Pero Dario Argento no ha labrado su fama internacional por nada. La película está sembrada de pequeños instantes de gran talento, de algún diálogo con cierta chispa y de algunas situaciones de mérito. Ciertamente, ninguno de los asesinatos se sostiene con un mínimo de exigencia en cuanto al guión y a la evolución e integridad de los personajes, pero el ritual de su elaboración supone a menudo un pequeño prodigio (por lo general abusivamente prolongado) en cuanto a la manipulación de las expectativas del público.
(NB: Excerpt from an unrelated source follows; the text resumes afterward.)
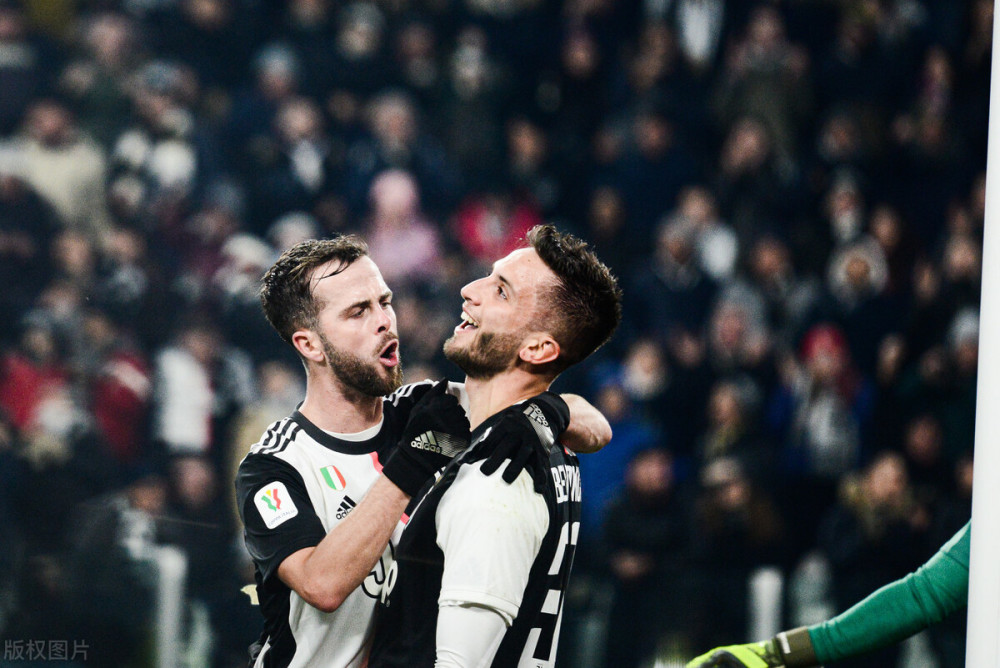 境的改变 境的改变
En la primera muerte, la amenaza que se cierne sobre la ladrona (una chica muy potente que roba en comercios pero al mismo tiempo vive en una pedazo de casa de una zona residencial) queda minorada por el acoso al que la somete un vejestorio muy salido con el que se cruza y que no deja de gritarle guarradas e incluso pretende colarse en su casa; en la segunda, la discusión doméstica entre las amantes lesbianas oculta la presencia del asesino hasta última hora; finalmente, en el clímax, las sucesivas conclusiones sorpresivas se anulan y niegan unas a otras, hasta que la última invita más a una sonrisa cómplice que a la consideración en serio como colofón de un film con pretensiones de llamarse cine. La cima de la película, por más rocambolesca que sea su intencionado uso de la casualidad (la chica va a parar justamente a la guarida del asesino… o de uno de los asesinos…), es la secuencia del doberman, tan angustiosa, dosificada y tan bien filmada que hace olvidar por un momento que uno asiste a una autoparodia, y que se enfrenta a una película de terror de primer nivel. Por desgracia, Dario Argento la hace durar demasiado, y en su desarrollo final incluye algunos momentos involuntariamente cómicos que casi logran arruinarla.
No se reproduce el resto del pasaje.